Teilweise verschwinden auch die Grenzen zwischen den funktionalen Bereichen und den Primär- und Sekundärprozessen. Smarte Produkte brechen die klassischen Strukturen auf, sie erfordern eine dauerhafte bereichsübergreifende Koordination (Michael Porter und James Heppelmann, 2015, S. 52 ff).
Die große Kunst in den nächsten Jahren wird für viele Unternehmen sein, überwiegend konventionelle Produkte herzustellen und zu betreuen und zugleich smarte, intelligente vernetzte Produkte und Dienstleistungen erfolgreich zu entwickeln und etablieren. Diese old & young-Organisationsdynamik wird eine zunehmende Herausforderung für die Kultur und die Steuerung.
Abschließender Ausblick in die „Neue Welt“
Unsere Organisationen werden sich im Wesentlichen verändern (müssen), wir wissen aber noch nicht, in welche Richtung und vor allem, welche Formen und Haltungen sich letztlich durchsetzen werden.

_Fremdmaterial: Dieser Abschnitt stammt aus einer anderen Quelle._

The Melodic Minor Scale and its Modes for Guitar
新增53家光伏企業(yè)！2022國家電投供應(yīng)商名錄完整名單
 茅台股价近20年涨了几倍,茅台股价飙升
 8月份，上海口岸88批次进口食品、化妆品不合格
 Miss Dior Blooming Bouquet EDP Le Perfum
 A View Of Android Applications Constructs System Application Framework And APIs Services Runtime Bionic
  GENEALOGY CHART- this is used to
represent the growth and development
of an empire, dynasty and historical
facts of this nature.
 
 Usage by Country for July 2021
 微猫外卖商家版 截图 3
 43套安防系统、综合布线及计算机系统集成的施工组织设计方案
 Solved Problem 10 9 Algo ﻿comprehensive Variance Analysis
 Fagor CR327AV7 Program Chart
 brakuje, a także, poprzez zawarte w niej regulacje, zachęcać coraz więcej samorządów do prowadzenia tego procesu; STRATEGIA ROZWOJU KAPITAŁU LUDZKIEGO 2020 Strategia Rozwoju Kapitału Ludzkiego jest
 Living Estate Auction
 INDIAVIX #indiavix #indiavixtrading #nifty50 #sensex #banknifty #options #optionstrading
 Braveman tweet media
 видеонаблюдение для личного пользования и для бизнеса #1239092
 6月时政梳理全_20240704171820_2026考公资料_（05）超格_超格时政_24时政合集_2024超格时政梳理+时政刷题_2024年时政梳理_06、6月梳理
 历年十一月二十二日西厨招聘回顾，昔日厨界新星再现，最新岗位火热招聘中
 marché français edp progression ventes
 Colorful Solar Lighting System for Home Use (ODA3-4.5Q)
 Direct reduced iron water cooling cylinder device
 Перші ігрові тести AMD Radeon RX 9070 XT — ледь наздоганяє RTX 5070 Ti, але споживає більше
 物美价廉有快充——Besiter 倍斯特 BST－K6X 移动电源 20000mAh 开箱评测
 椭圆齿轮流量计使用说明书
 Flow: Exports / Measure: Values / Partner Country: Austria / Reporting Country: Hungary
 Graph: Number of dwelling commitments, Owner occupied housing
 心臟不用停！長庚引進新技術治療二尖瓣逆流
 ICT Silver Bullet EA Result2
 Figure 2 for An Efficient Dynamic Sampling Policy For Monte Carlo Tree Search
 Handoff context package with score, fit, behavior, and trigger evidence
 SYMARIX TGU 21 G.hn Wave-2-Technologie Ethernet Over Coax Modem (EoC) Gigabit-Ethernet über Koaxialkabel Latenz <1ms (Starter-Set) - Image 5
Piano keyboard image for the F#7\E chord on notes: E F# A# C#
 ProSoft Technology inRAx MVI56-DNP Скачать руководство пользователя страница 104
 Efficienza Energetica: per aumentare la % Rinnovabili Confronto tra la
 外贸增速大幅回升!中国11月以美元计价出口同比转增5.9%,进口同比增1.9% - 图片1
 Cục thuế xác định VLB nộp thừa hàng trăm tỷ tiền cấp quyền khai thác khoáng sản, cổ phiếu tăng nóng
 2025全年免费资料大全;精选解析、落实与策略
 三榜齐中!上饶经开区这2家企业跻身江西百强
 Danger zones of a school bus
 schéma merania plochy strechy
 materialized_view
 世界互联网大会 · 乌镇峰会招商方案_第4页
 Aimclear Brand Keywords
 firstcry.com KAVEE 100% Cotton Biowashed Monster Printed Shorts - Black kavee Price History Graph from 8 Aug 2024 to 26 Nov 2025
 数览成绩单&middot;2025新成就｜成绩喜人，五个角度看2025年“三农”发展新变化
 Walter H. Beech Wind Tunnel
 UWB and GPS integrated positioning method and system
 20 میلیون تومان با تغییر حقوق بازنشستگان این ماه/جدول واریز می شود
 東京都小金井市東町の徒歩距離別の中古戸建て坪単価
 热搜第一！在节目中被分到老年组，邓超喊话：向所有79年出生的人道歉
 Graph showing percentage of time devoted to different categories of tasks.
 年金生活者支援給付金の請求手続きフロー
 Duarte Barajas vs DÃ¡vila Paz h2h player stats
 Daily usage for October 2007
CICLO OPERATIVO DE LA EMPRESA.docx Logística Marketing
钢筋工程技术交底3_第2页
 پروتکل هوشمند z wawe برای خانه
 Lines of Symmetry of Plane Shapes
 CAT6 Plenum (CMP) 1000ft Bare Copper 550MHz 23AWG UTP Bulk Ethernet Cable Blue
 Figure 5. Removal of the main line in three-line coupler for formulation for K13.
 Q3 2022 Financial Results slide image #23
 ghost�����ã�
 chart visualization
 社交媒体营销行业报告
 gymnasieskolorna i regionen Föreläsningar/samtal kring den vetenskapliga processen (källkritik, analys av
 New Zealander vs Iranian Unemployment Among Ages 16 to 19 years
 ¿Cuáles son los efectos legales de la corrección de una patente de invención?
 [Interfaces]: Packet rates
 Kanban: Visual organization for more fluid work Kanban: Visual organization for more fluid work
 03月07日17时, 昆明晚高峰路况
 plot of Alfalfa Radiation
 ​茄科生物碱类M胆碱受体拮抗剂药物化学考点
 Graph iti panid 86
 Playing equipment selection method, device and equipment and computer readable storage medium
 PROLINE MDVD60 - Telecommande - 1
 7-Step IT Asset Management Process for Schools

Es unreflektiert laufen zu lassen oder am Alten festzuhalten, wären aber die falschen Strategien. Wir müssen dieses Experimentierfeld nutzen – reflexiv, verantwortungsbewusst und neugierig auf das, was uns die Organisationswelt von morgen bietet. Nur dann können wir auch in dieser Unsicherheit gestalten und bewältigen.
Wie wird die Organisationswelt von morgen aussehen? Nach einer 20-jährigen Wertediskussion und der Irritation aufgrund der Finanzkrise könnte nun auf den entstandenen Haltungen und dem neuen kollektiven Bewusstsein eine andere Form der Steuerung von Organisationen aufbauen. Die Bilder dazu sind erst im Entstehen und noch in einer frühen Phase der Formung. Eine chancen- und gefahrenreiche Phase des Experimentierens wird uns in den nächsten Jahren begleiten:
- Wie wird dieser Übergang am besten zu gestalten sein? Wie kann der erforderliche konventionelle Weg mit den neuen, smarten Ansprüchen in Einklang gebracht werden?
- Wie können die Träger der konventionellen Methode mit den agilen, neuen Treibern in gute komplementäre Beziehungen gebracht werden?
- Was wird das mit unseren Organisationen tun (müssen), wenn die Grenzen zwischen den Bereichen aufbrechen, verschwinden, wenn sich alte, lang bewährte Rollenmuster auflösen?
- Was macht das mit den Menschen, den Führungskräften und Mitarbeitenden?
- Wie passiert dann Führung? Was bedeutet dann Unternehmertum?
- Mit welchen Methoden, Prozessen arbeiten wir und wie kommen wir zum Erfolg?
- Wie können wir – Eigentümer, Führungskräfte, Mitarbeiter sowie Kunden und Lieferanten – dieses laufende Experimentieren, Innovieren, Ändern, Transformieren gut verstehen, aushalten? Wie können wir dabei produktiv, zufrieden und gesund bleiben?
Spannende Fragen, die uns noch lange beschäftigen werden. Auch uns, als Beratungs-Gemeinschaft.
Wir werden in unserem INOVATOR immer wieder darüber berichten.